There are various notions of efficiency, depending on what resource you
want to optimize for. For a battery-powered project, the most relevant
is likely to be energy-efficiency. Then, your code may not be the main
issue.
If you plan for your LED to be turned on continuously, this is going to
significantly tax your battery. Your first concern should then be to
minimize the power drain of the LED itself: make the current through it
as low as convenient, and maybe consider powering it through a DC-DC
converter in order to avoid wasting too much energy in the series
resistor. If your Arduino has a power-indicator LED, you should also
unsolder it. If it has a second microcontroller that it always on (like
the Uno), you should find a way to disable it.
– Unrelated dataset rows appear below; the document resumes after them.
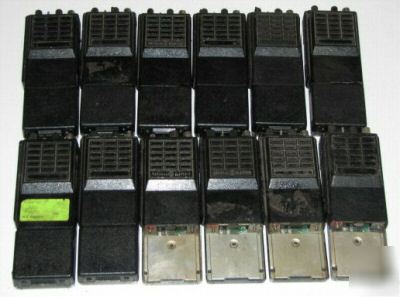 Lot ge mpi 2/two-way radio portable hand held vhf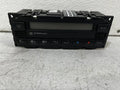 Volkswagen Golf GTI climate A/C HVAC heat temp panle control unit (2003–2005) – Genuine OEM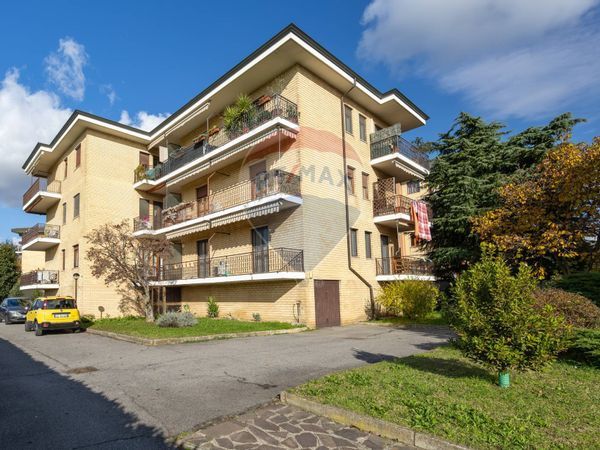 Appartamento Bellinzago Lombardo, MI Vendita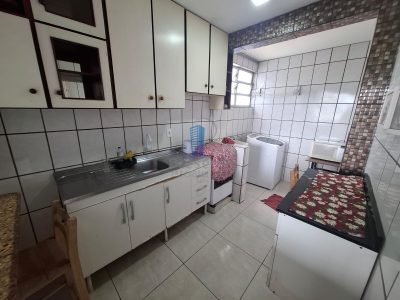 Apartamento, 2 quartos, 55 m² - Foto 2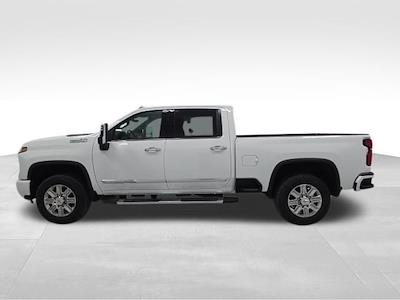 New 2026 Chevrolet Silverado 2500 - photo 1
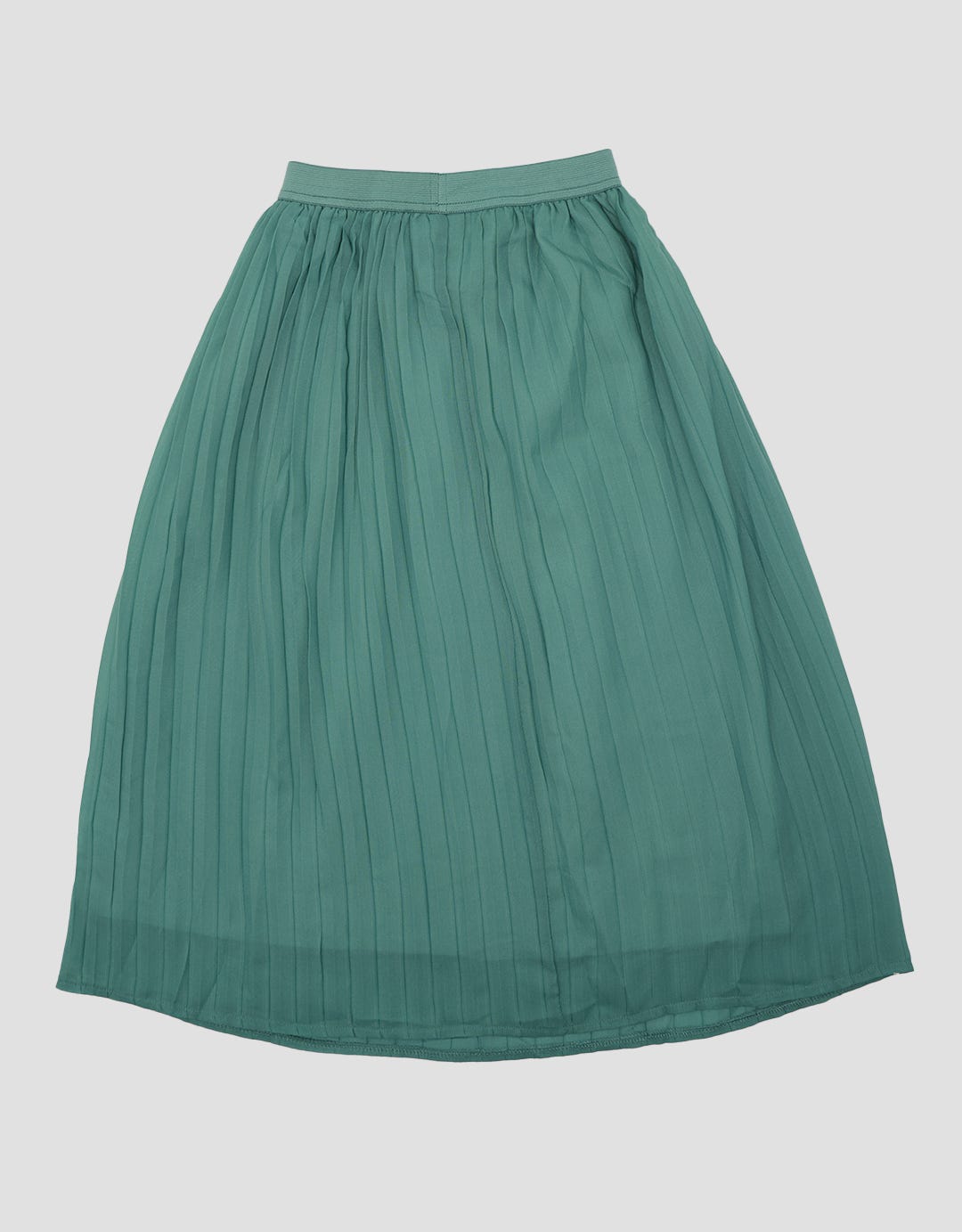 Rodeo Junior Girls Casual Long Skirt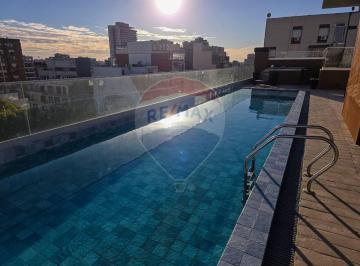 Departamento · 41m² · 2 Ambientes · Venta 2 Amb. Full Amenities a Estrenar - Belgrano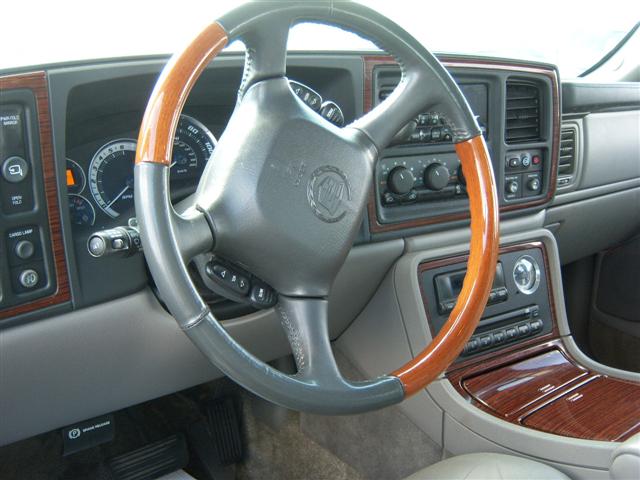 2002 Cadillac Escalade Crew Cab Pickup for sale in Brooklyn, NY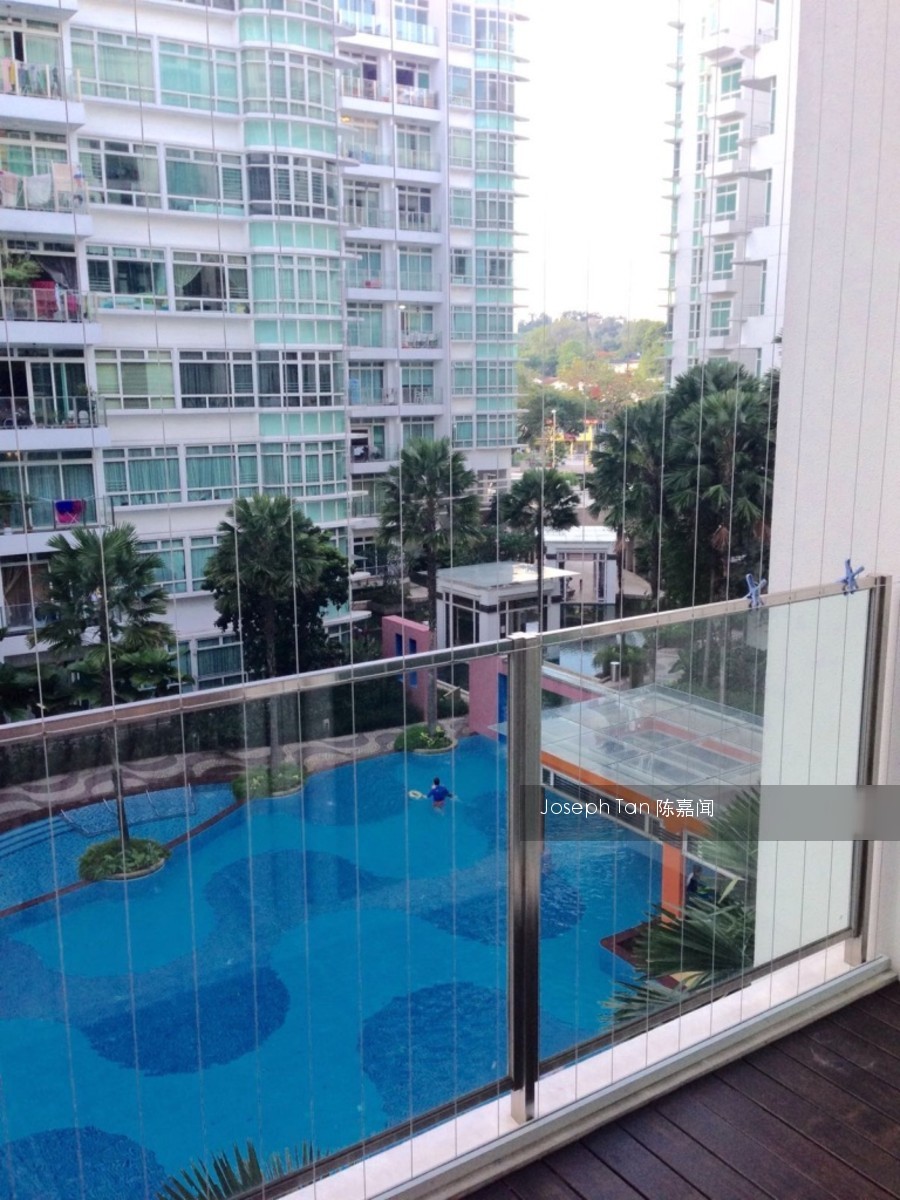 The Cascadia (D21), Condominium #117174102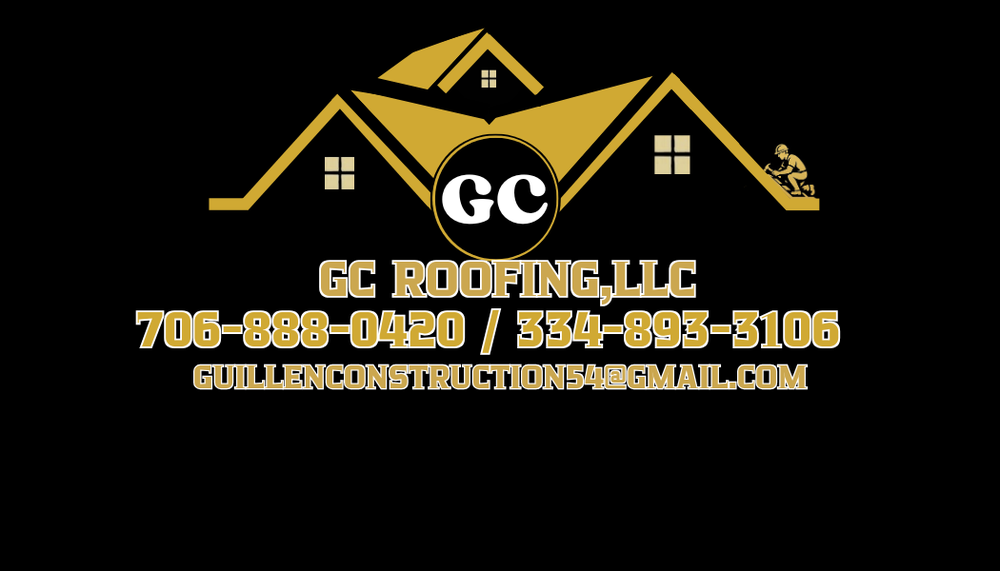 Slide of GC Roofing & Construction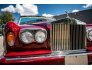 1985 Rolls-Royce Corniche for sale 101770992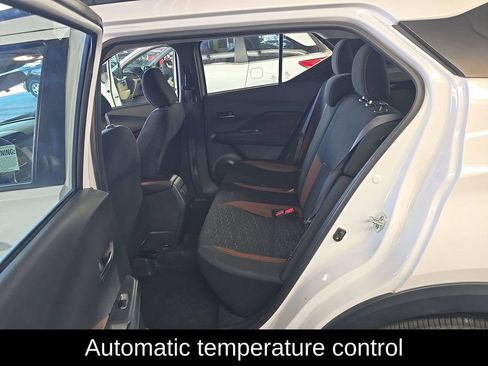 Used 2024 Nissan Kicks SR FWD image 4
Regarding the energy consumption of the CPU running your code, the only
way to be energy-efficient is to have it sleep most of the time, and
wake it up only when there is useful job to do. Unfortunately, the
Arduino core provides no standard way to sleep. You may have to look
into architecture-specific solutions, or search for a library that
abstracts this for you. On an AVR, for example, you may be able to
significantly lower the consumption by calling
sleep_mode()
once within your loop()
. This will put your
device in a “shallow” sleep mode, and it will be woken up by the next
timer interrupt (these happen every 1.024 ms). If you want to go to
deep sleep, you will have to arrange a wake-up source other than the
timer interrupt. An RTC could be an option. However, if you do not need
the 30 minute period to be accurate, you may as well use the
watchdog timer (which is ultra-low power) as an interrupt source.
There are many other things to be aware of when you care about power
consumption. I recommend reading Power saving techniques for
microprocessors, by Nick Gammon, which covers most of the
relevant issues. Note, however, that it discusses mostly AVR.